The man who said these words did, indeed, sacrifice much for the good of his people. That man, Nelson Mandela, died just five days ago, on Dec. 5. Through his efforts to bring South Africa into a post-apartheid era, Mandela has risen to the level of Mahatma Gandhi and Martin Luther King, Jr. as a model of the peaceful revolutionary.
Mandela’s journey from being a second-class citizen to the president of his country was no walk in the park. Living in apartheid South Africa, where blacks were considered inferior to the minority white population and were often treated more harshly by the government, Mandela joined the African National Congress (ANC) and devoted himself to reversing the segregation and racism of his homeland.
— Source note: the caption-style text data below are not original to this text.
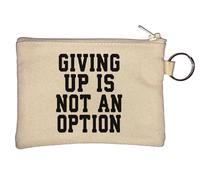 Giving Up is Not an Option Key Chain Coin Purse Beige
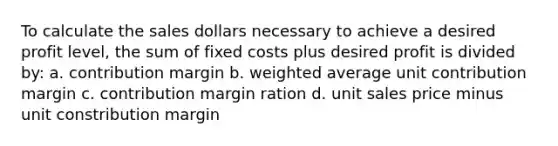 To calculate the sales dollars necessary to achieve a desired profit level, the sum of fixed costs plus desired profit is divided by: a. contribution margin b. weighted average unit contribution margin c. contribution margin ration d. unit sales price minus unit constribution margin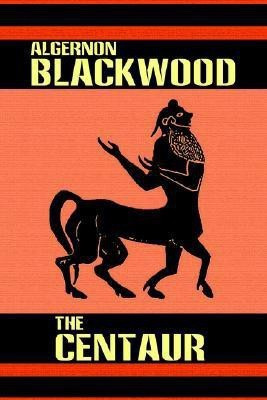 The Centaur(English, Paperback, Blackwood Algernon)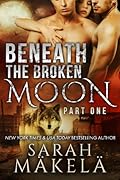 Beneath the Broken Moon: Part One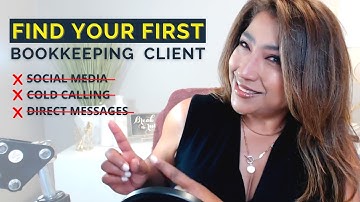 How To Find Bookkeeping Clients As A Beginner | Without SOCIAL MEDIA or COLD CALLING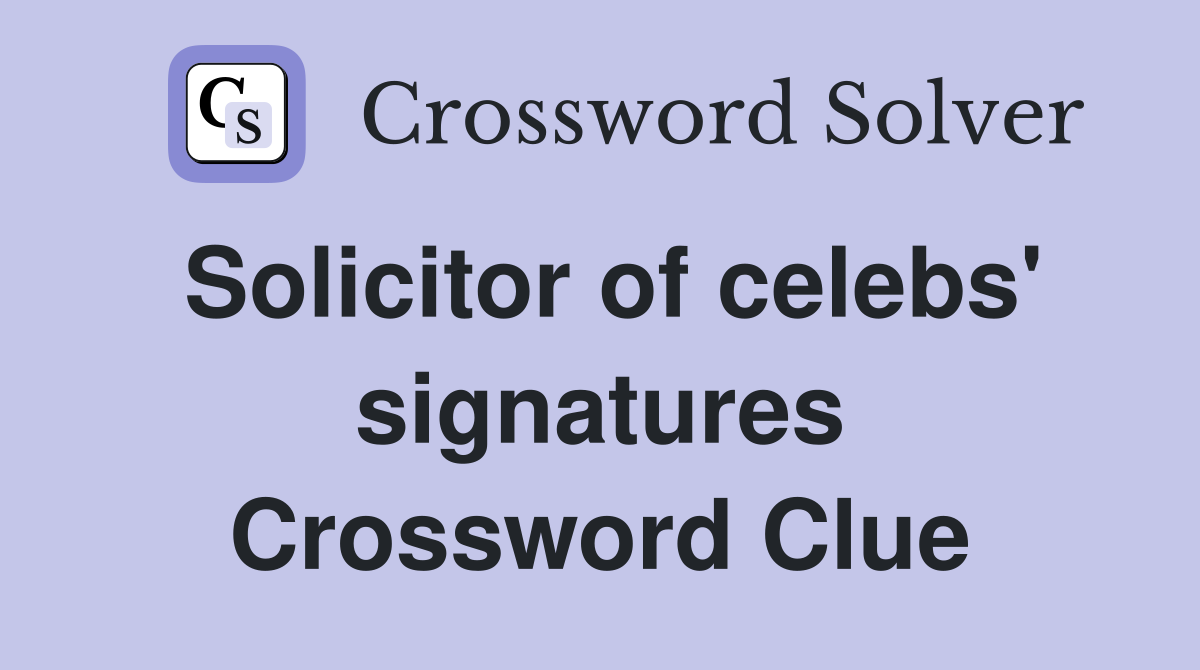 Solicitor of celebs' signatures Crossword Clue
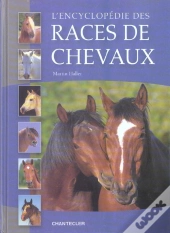 L'Encyclopedie Des Races De Chevaux
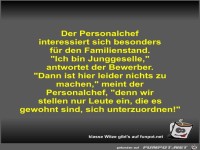 Der Personalchef interessiert sich besonders f�r den...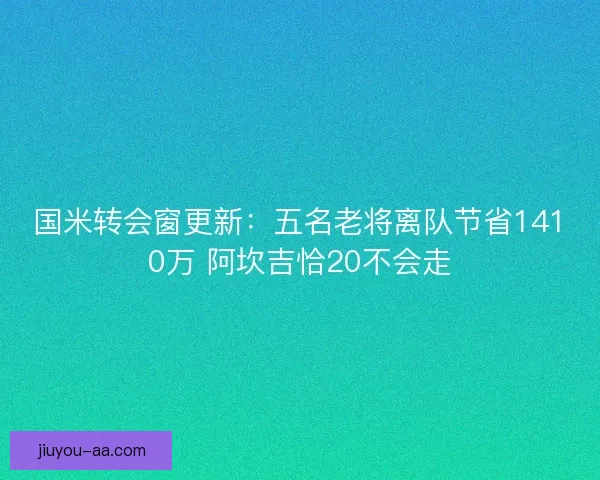 国米转会窗更新：五名老将离队节省1410万 阿坎吉恰20不会走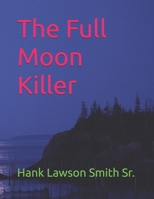 The Full Moon Killer B0DS657G5L Book Cover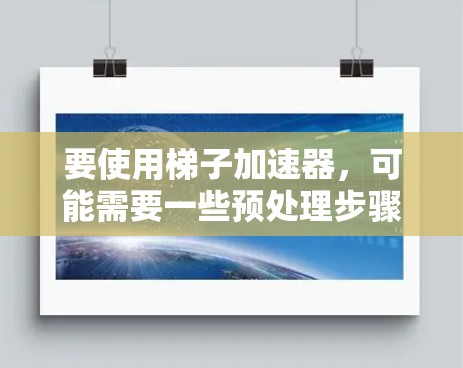 要使用梯子加速器，可能需要一些预处理步骤，例如将程序转换到新的架构，或者添加一些调试代码来帮助调试。梯子可能提供了一些预处理工具，帮助开发者快速进行这些步骤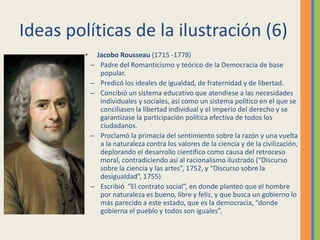 Ideas políticas de la ilustración (6)
• Jacobo Rousseau (1715 -1778)
– Padre del Romanticismo y teórico de la Democracia de base
popular.
– Predicó los ideales de igualdad, de fraternidad y de libertad.
– Concibió un sistema educativo que atendiese a las necesidades
individuales y sociales, así como un sistema político en el que se
conciliasen la libertad individual y el imperio del derecho y se
garantizase la participación política efectiva de todos los
ciudadanos.
– Proclamó la primacía del sentimiento sobre la razón y una vuelta
a la naturaleza contra los valores de la ciencia y de la civilización,
deplorando el desarrollo científico como causa del retroceso
moral, contradiciendo así al racionalismo ilustrado (“Discurso
sobre la ciencia y las artes”, 1752, y “Discurso sobre la
desigualdad”, 1755)
– Escribió “El contrato social”, en donde planteó que el hombre
por naturaleza es bueno, libre y feliz, y que busca un gobierno lo
más parecido a este estado, que es la democracia, “donde
gobierna el pueblo y todos son iguales”.
 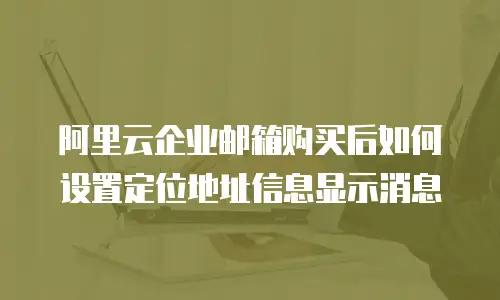 阿里云企业邮箱购买后如何设置定位地址信息显示消息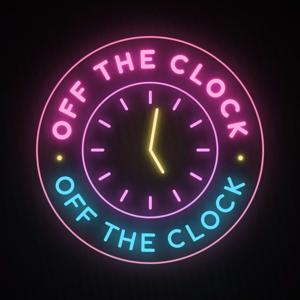 Off the Clock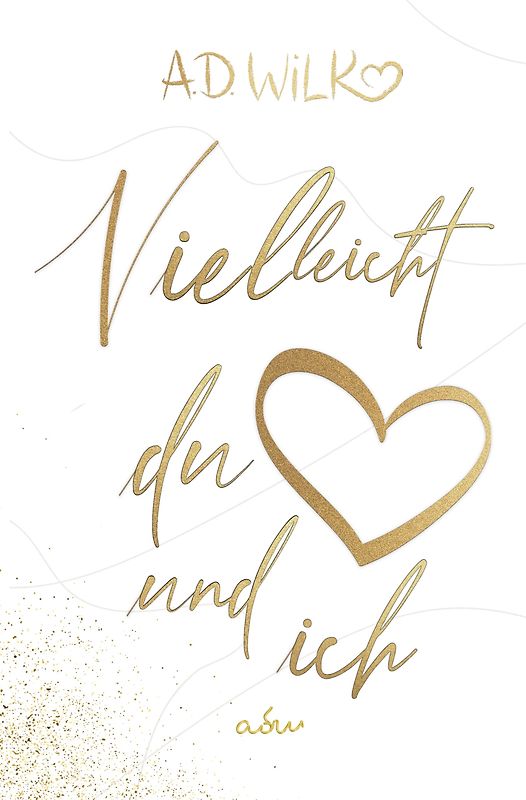 Vielleicht du und ich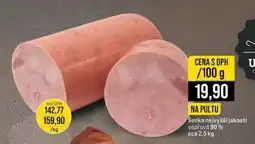 Jip Šunka nejvyšší jakosti vepřová 90% nabídka
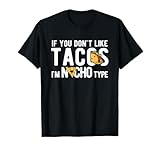 Photo Gallery non mi piacciono i tacos nacho type salsa messico taco maglietta Photo Gallery non mi piacciono i tacos nacho type salsa messico taco maglietta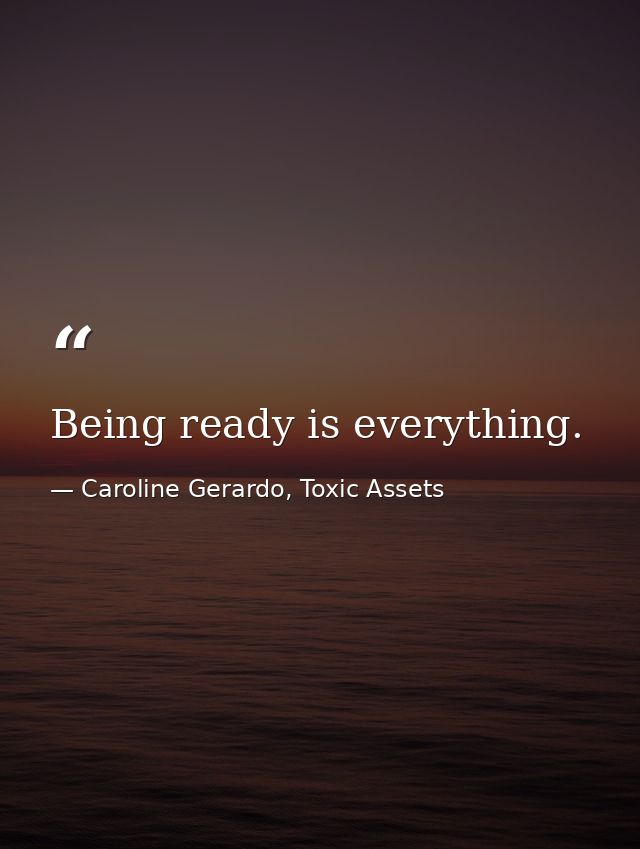 Being ready is everything. — Caroline Gerardo, Toxic Assets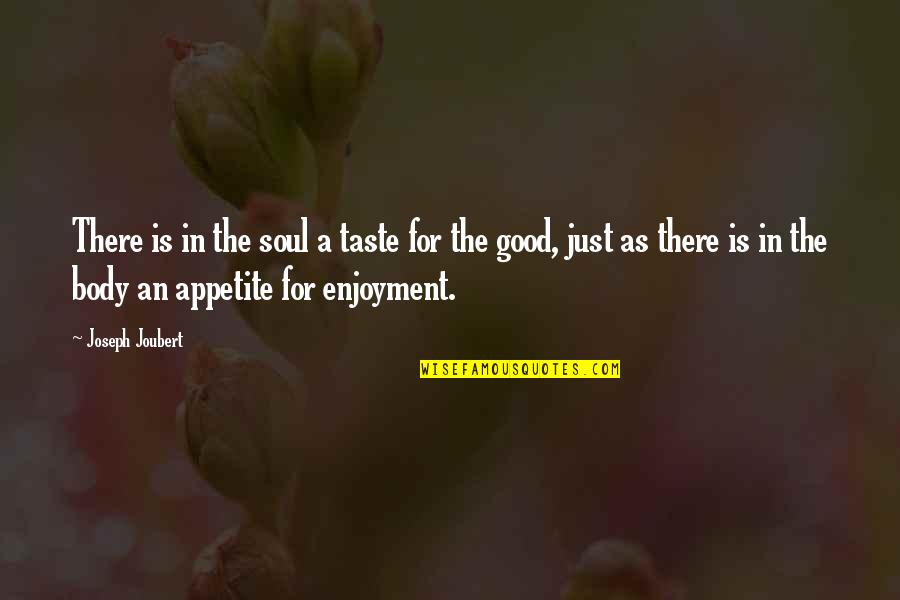 Santschi Rachel Quotes By Joseph Joubert: There is in the soul a taste for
He was not always the peaceful leader the world knew in the 1990s, however. When the ANC was banned from South Africa in 1960, he supported the establishment of a militant group within the organization. In 1964, Mandela and seven others were sentenced to life in prison for their actions within this group.
While he obviously did not spend the rest of his life in jail, his imprisonment did last for 27 years. That time would have been more than enough to break the spirit of most men, but Mandela was not your average man. He remained a powerful figure in the anti-apartheid movement and his popularity only grew while he was in prison. People from across the globe rallied to Mandela’s cause and lobbied the South African government to release him.
Facing increased pressure from both internal and external parties, the government finally acquiesced in 1990 and Mandela was released. He wasted no time challenging his people to seize their freedom – this time, without the use of force. He negotiated personally with the government and ushered in the first truly democratic elections in his nation’s history. Mandela was elected president in 1994 and apartheid became history.
Mandela serves as an inspiration to us all for the dramatic change he instigated in South Africa, but it is important to remember that part of what makes him a worthwhile role model is that he was not a perfect person. Like all of us, he had some serious flaws.
The militant group that he helped to establish essentially engaged in terrorist acts against the state. Furthermore, while in prison, Mandela refused to renounce that violence in exchange for an earlier release.
Once he was out of prison, however, he did not attempt to change South Africa by leading a bloody revolution. Instead of advocating more bombings and killings, he peacefully rallied the nation to the cause of freedom. He brought an end to a racist regime and, in lieu of harsh retribution against white citizens, chose a path of reconciliation and cooperation between the races.
Such an about-face is difficult to truly achieve, yet Mandela succeeded to an incredible degree. The man who had once advocated terrorism in his home country became a peaceful leader who transformed his entire nation. South Africa was once a nation shunned by most of the world for its system of apartheid. Now it is a beacon of hope to Africa and to the world, showing that a post-racist society is possible – even where it seems most unlikely. Mandela lit that beacon through his own personal struggles and sacrifices. It would serve us well to follow in his light.